Frida Kahlo, Diego Rivera and Twentieth Century Mexican Art: The Jacques and Natasha Gelman Collection, is on display through Sept. 8 at the El Museo del Barrio. The exhibition includes some 100 works by 20 artists, “all masterpieces,” according to the museum’s curator, Fatima Bercht.

There are seven Kahlo self-portraits, one of muralist Diego Rivera, Kahlo’s husband, and several other drawings by her. There are also some works by Rivera and his colleagues, Jose Clemente Orozco and David Alfaro Siquerios.

Kahlo, born in 1907, and Rivera, born in 1886, were both Communists and part of the cultural renaissance after the Mexican Revolution. The arts in Mexico were able to flourish during this time because of government backing.

Although at that time Rivera was the artistic “superstar” of the two, today it is Kahlo who is perhaps more renowned – or at least more in vogue.

Just recently both Jennifer Lopez and Salma Hayek were vying to make a film about her life, with Hayek winning the coveted role in the upcoming Miramax film, Frida. This exhibition gives her one more chance to shine.

For photography buffs and People’s Weekly World readers in general, The New-York Historical Society is offering two photo exhibitions of interest.

The first, The Tumultuous Fifties, A View From The New York Times Photo Archives, runs through Aug. 14. It includes 195 black-and-white photographs depicting a decade of “significant transformations in the cultural landscape, from McCarthyism, Sputnik and Cold War politics to bebop, abstract expressionism and the Beats,” according to the Historical Society.
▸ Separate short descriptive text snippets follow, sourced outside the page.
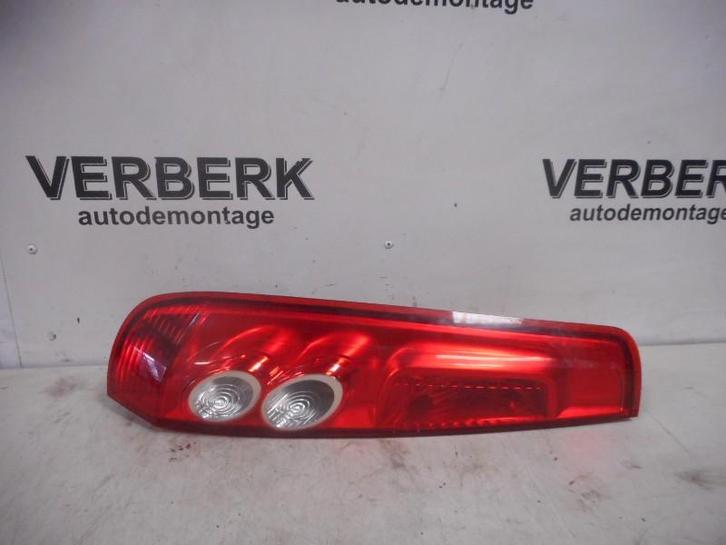 ACHTERLICHT LINKS Ford Fiesta 5 (JD / JH) (6s6113405bf), Auto-onderdelen, Verlichting, Ford, Gebruikt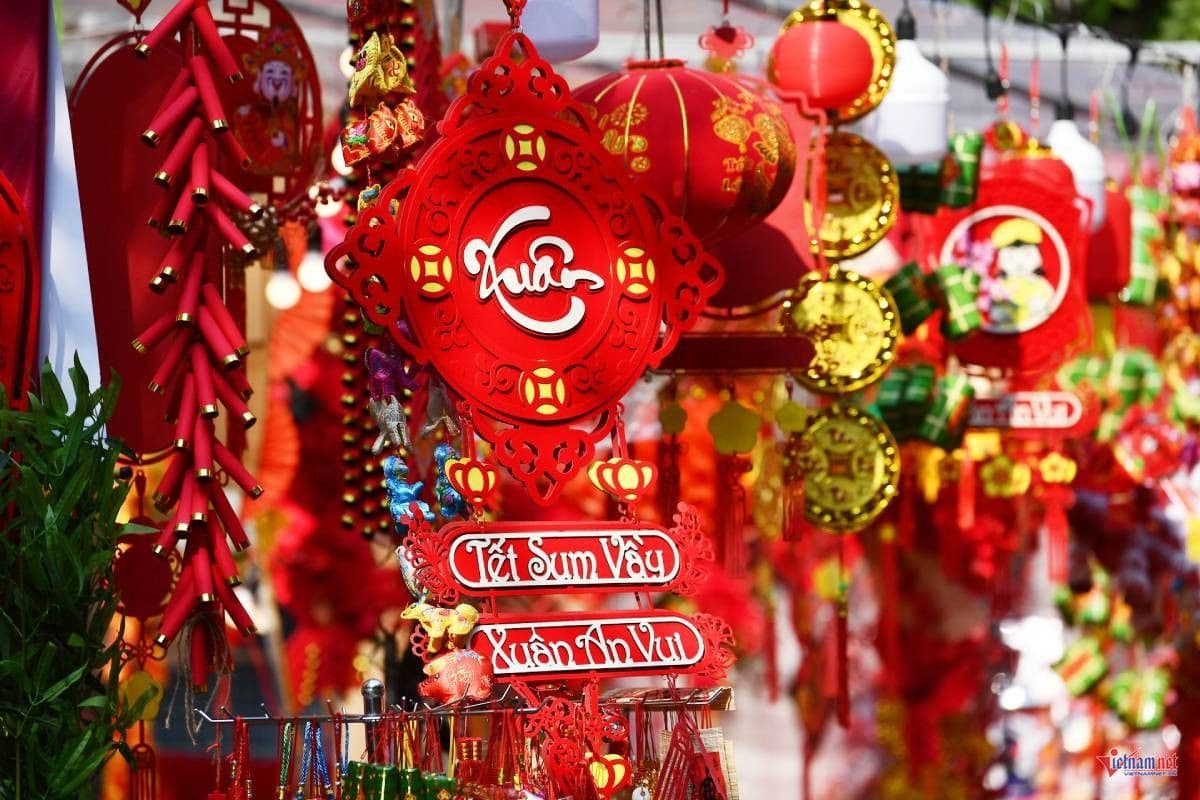 Những đồ trang trí Tết truyền thống, tượng trưng cho không khí lễ hội nhưng đôi khi lời chúc trở nên hình thức.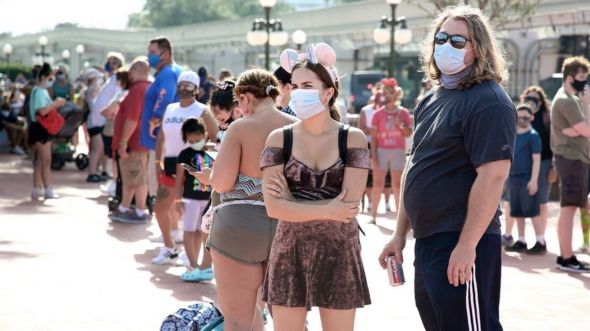 La gente hace cola fuera de Walt Disney World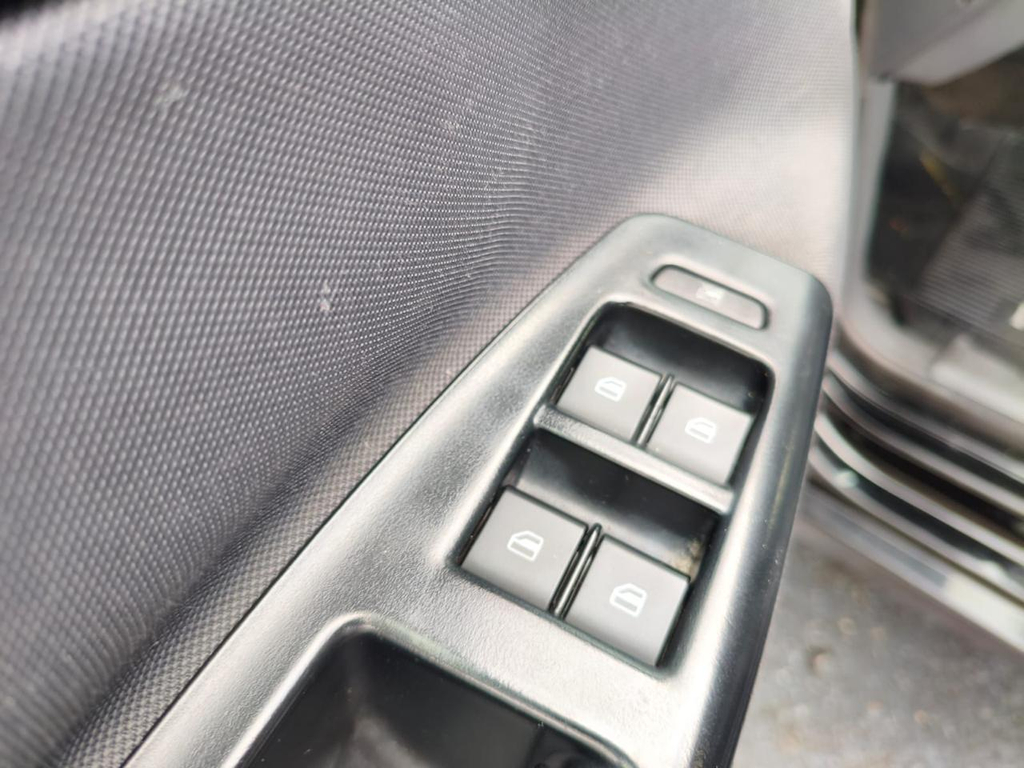 Volkswagen Polo Sedan Preto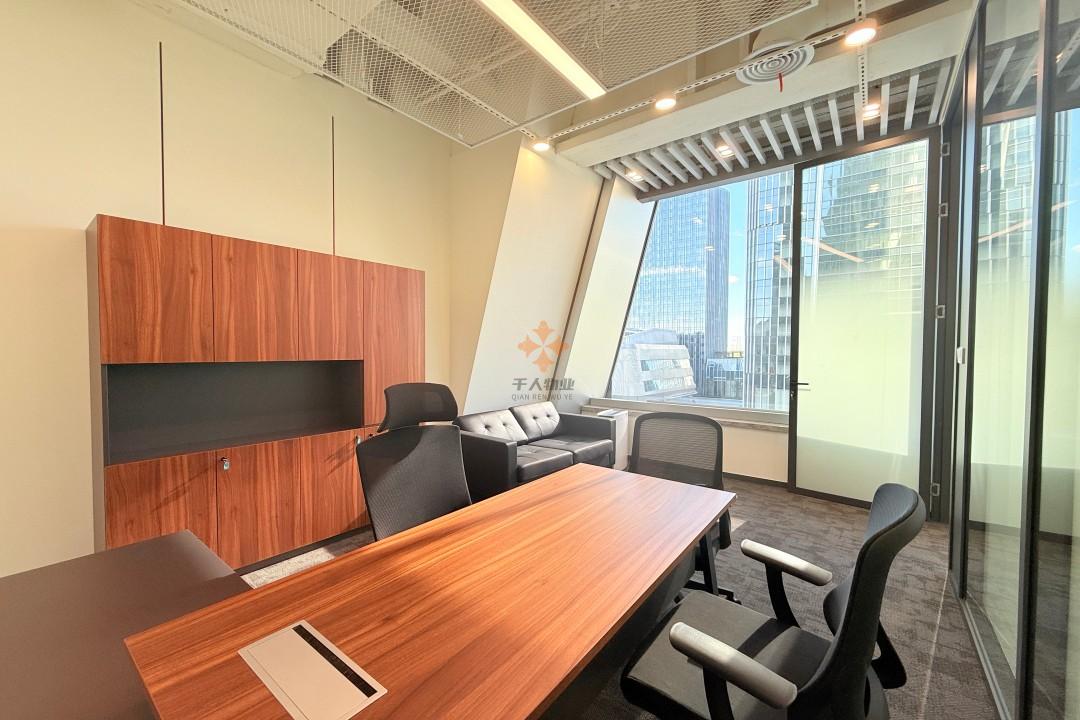 浦东 张江科学之门 190平米 简装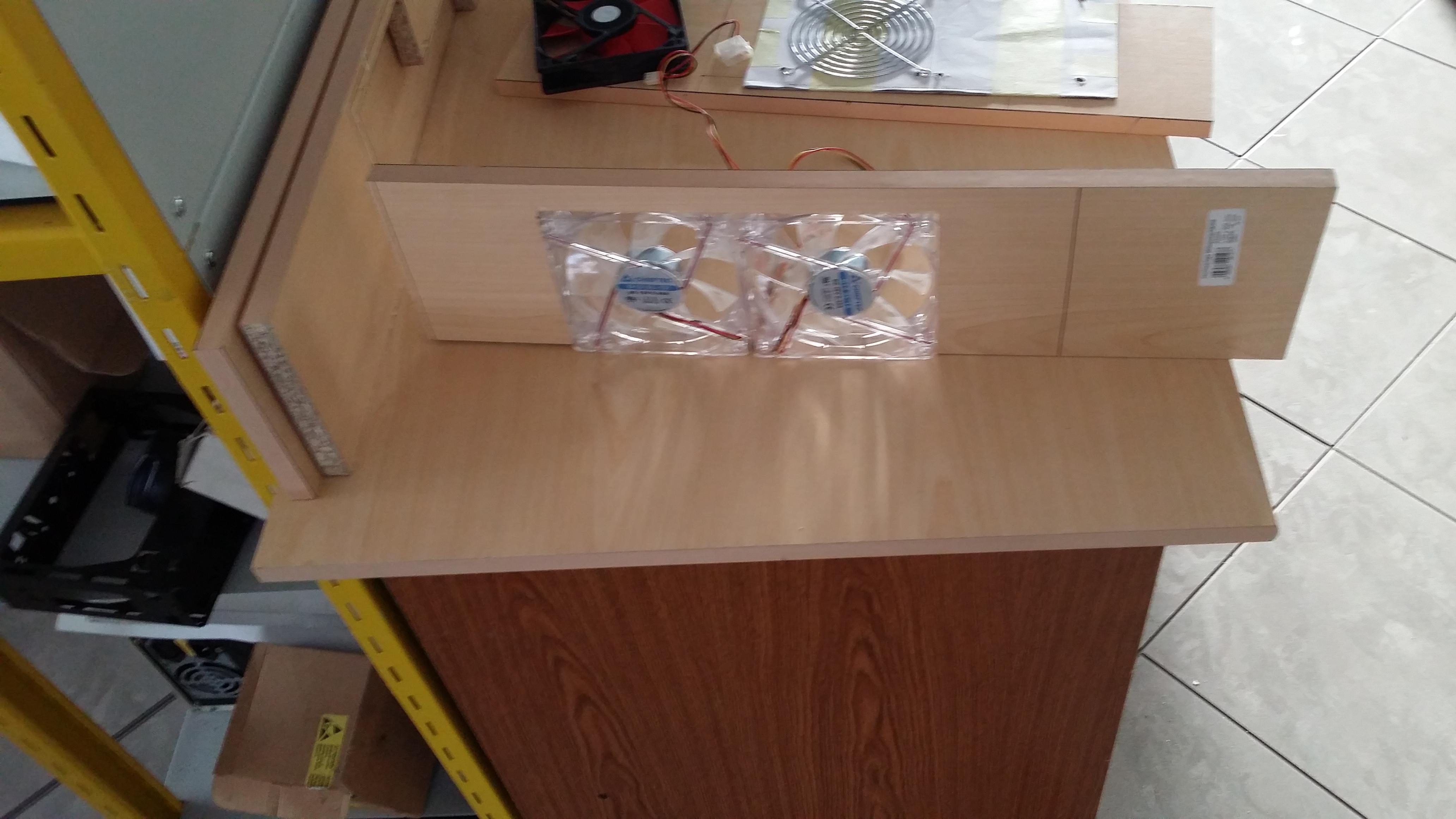 S7 Desk 2014 - By S7 design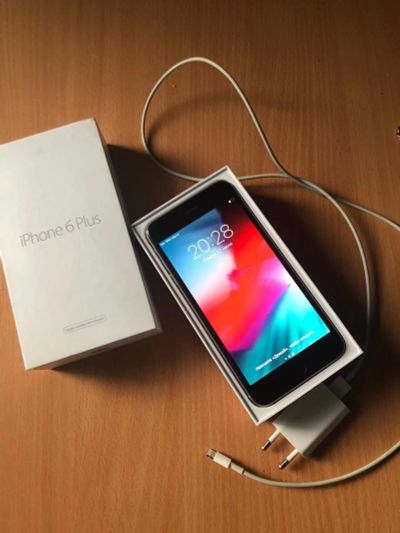 Лот: 14114378. Фото: 1. Apple iPhone 6 + Plus 64Gb. Смартфоны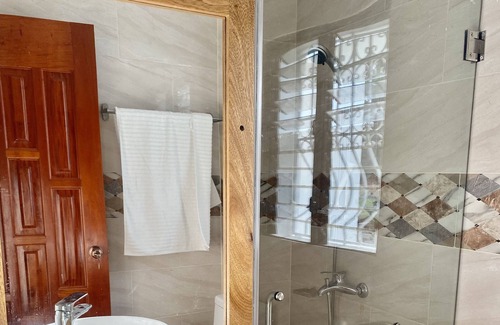 Bocacanasta House | Fantastic bungalow right on the Caribbean Sea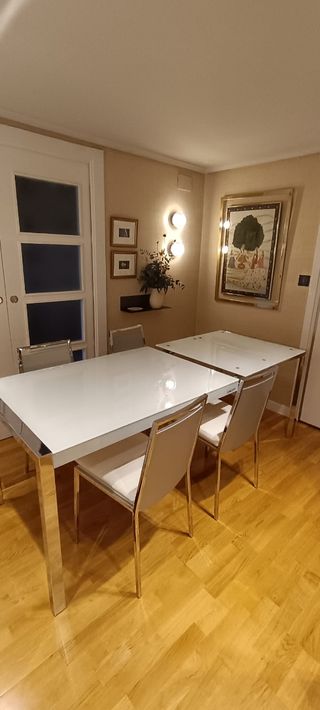 Tavolo e sedie allungabili di alta qualità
Co-curators Douglas Dreishpoon of the Albright-Knox Gallery in Buffalo and Alan Trachtenberg, a professor of English and American Studies at Yale, developed categories for the thousands of prints they examined for this exhibition.

These included “Fame and Infamy” and “America in the World: War Hot and Cold,” among others. The category “American Ways of Life” had six subcategories of its own: “Politicking,” “Scapegoating,” “Demonstrating,” “Striking,” “Serving” and “Struggling.” Whether you spend a lot of time politicking and demonstrating or just struggling, there’s probably something in this exhibition for you.

Finally, on June 4 another exhibit, The Angry Dove, opens. This one looks back at the June 12, 1982, demonstration for nuclear disarmament that brought one million people to Central Park and the United Nations.

The exhibition uses puppets, sketches, photographs, videos and flyers to recall this truly historic demonstration. The exhibition ends Sept. 2.

El Museo del Barrio is located at 1230 Fifth Ave. (212-831-7272) and is open 11 a.m.-5 p.m. Wednesday-Sunday. Suggested contribution is $5 for adults, $3 for students and seniors.

The New-York Historical Society is at 2 W. 77 Street (212-873-3400) and is open 10 a.m.-5 p.m. Tuesday-Sunday. Admission is $5 for adults, $3 for students and seniors.